RELPAG and JASA launched a two-fold application in the Western Cape High Court. The first part of the application sought a declaratory order enabling registered psychologists to practise in all areas of their profession within the bounds of their competence, based on their formal education, training and experience. The central argument advanced by RELPAG and JASA, as supported by various authorities, was that, on a proper reading of the statutory framework, this was permissible.
The second part of the application sought to review and set aside the Minister's decision to promulgate the 2011 amendment to the Regulations (which defined the scope of practice of psychologists). Most notably, the argument advanced by RELPAG and JASA included grounds of vagueness, irregular promulgation, and the failure by the Minister to take relevant considerations into account, such as the overlap in the training of psychologists, the adverse impact on existing practices and the potential for abuse by Medical Aid Schemes.
The application was set to be heard last week but was belatedly settled between the parties. Even though the application was opposed on substantive grounds, it appears that, ultimately, the Minister had recognised that his decision to promulgate the amendment had not followed due process and was therefore subject to review.

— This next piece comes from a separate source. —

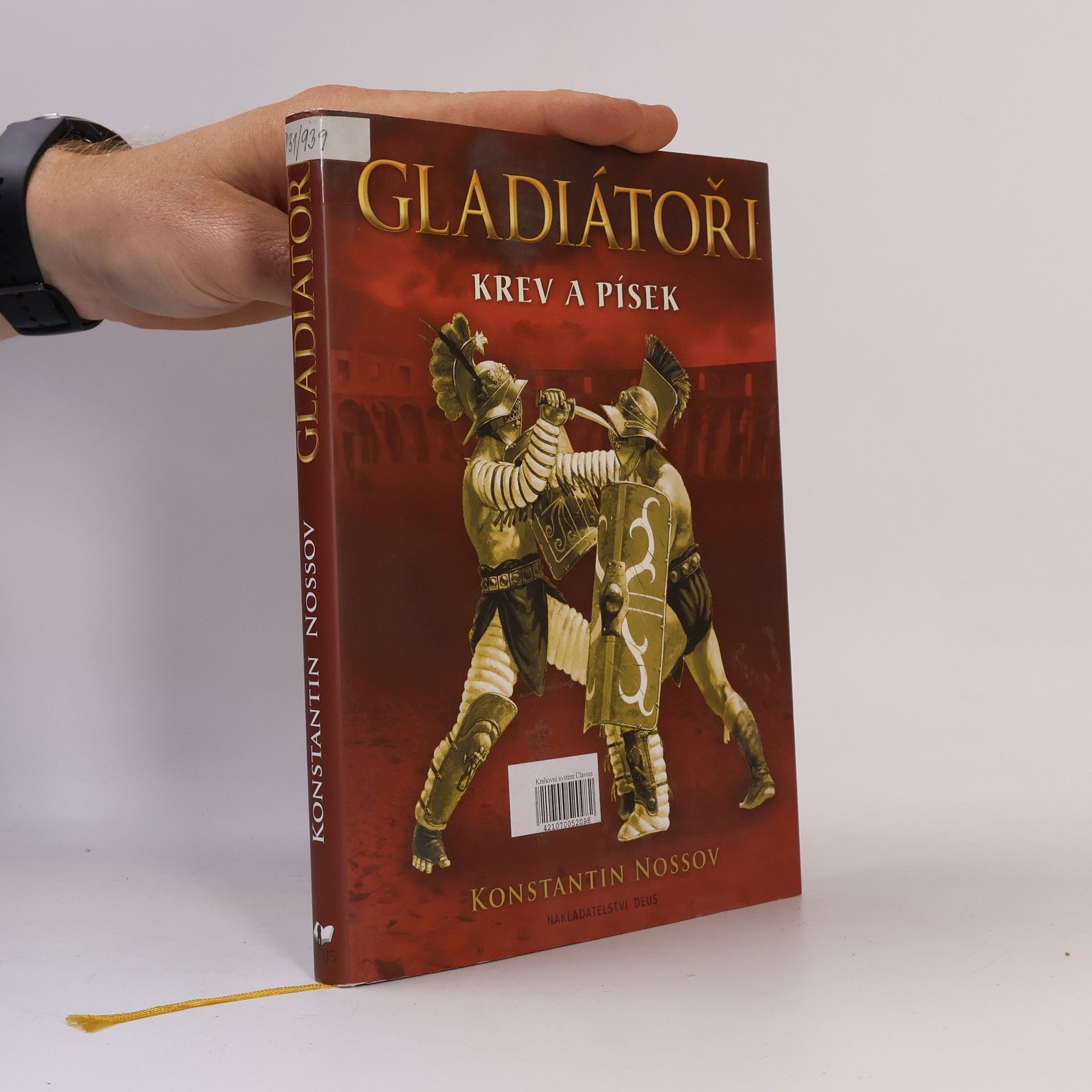 Gladiátoři - Krev a písek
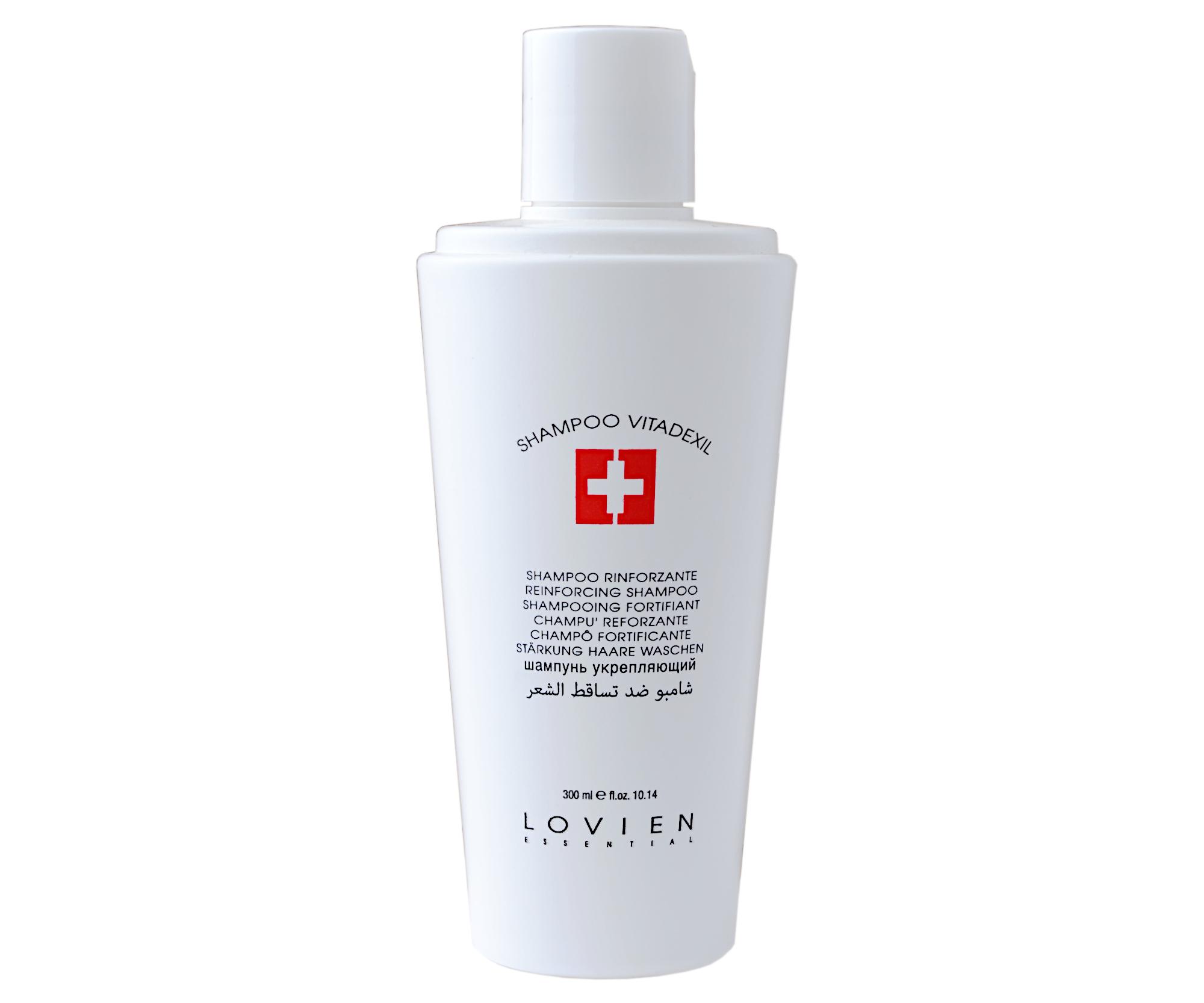 Šampon pro obnovení vitality vlasů Lovien Essential Shampoo Vitadexil - 300 ml (72) + dárek zdarma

That circumstance, coupled with others, seemed to have culminated in a Court Order being granted by the Western Cape High Court, by agreement between the parties, in terms of which the Regulations were declared invalid and the Minister's decision to promulgate the Regulations was remitted for reconsideration. The declaration of invalidity, however, was suspended for a period of 24 months to allow for public participation on this issue. We are informed that this process has now begun.
From the perspective of many psychologists, the effect of the invalidity – albeit suspended for now - means that:
- any pending disciplinary proceedings relating to this issue are postponed until the promulgation of new regulations and naturally the uncertainty will leave those awaiting a finding by the HPCSA in an uncomfortable position;
- since a copy of the Court Order was served on the Council for Medical Schemes, many of the Medical Aid Schemes might now be inclined to pay for services rendered by psychologists in circumstances where they would previously have refused such payment; and
- the uncertainty which will continue to exist for the next 24 months in relation to the scope of practice could potentially serve to further limit an already small pool of specialist psychologists available to the public, which is in dire need of their expertise.